February 2013 is looming. That’s when resurfacing will begin because, after 30 years, traffic has taken its toll. Actually there has never been a toll, because the Kessock Bridge was built just before bridge tolls became fashionable up north. Thirty thousand vehicles a day cross the bridge, and it feels like they all cross in the hour before 9am.
How long should it take to resurface a bridge? Probably a couple of hours on a good day, but don’t underestimate the power of Transport Scotland to get things done. Work will begin on 11 February and finish on 13 June – 16 weeks. But that’s only the half of it. They’ll repeat the process between February and June, 2014, this time for 20 weeks.
That’s nine months to resurface a bridge. In 1982 Sir Max Hastings retook the Falklands in less than a third of that time. So why is the work being split in two? Tourism, dear boy, tourism. Our Highland economy is hooked on it. Tourism is the goose that lays the golden egg. Or perhaps it’s the golden calf. Or even the Holy Grail. In any case hallowed be its name.
III
Rosie 47 in Monaco will forever live on in the Parthenon of great names. If gongs mean anything at all these days, surely the next gong – for entertainment – will go to Mr Harry Redknapp. Not only did he take on the Revenue and win, he done it in style.

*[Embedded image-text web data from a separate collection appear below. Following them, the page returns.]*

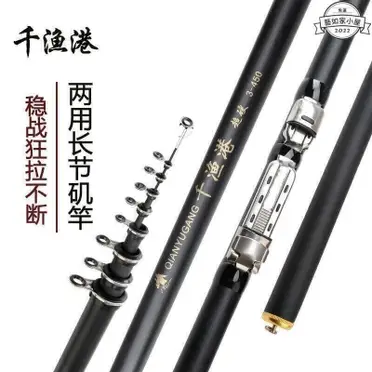 日本代購SHIMANO NEW Rinkai 新鱗海SPECIAL 0號0-530 磯釣竿釣竿| 左東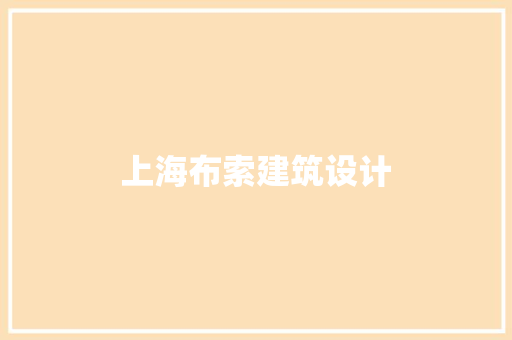 上海布索建筑设计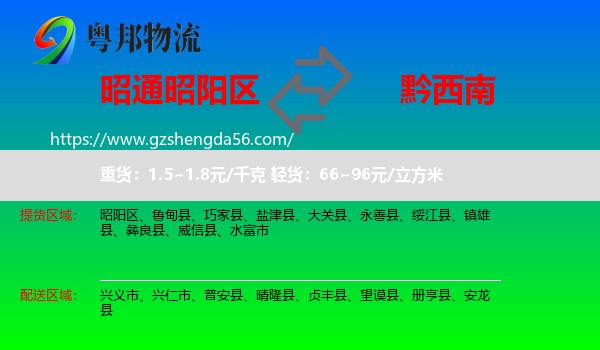 昭阳区到黔西南物流专线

In recent times we’ve had names every bit as unusual listed as the owners of large Highland estates. To name but a few – Earl of Cawdor’s Marriage Settlement Trustees; Lord Laing’s 1961 Settlement Trust; Viscount Chelsea’s Settlement Trust EFF; C Steel and Trust of Maud A Clark’s Grandchildren; M A R Cayzer Will Trust (Rossanne’s Fund).
These were all of course completely above board and without stain or blemish, and all done in full consultation with the Revenue. No need to nominate any of them for a gong (for genius), for it seems a fair few of them already had a gong anyway.
Just as football clubs have to pass the ‘fit and proper persons’ test in terms of ownership, is it not time to review the criteria for ownership of vast acreages? Would a settlement, whether marriage, 1961 or EFF, pass the test? It ain’t half mysterious.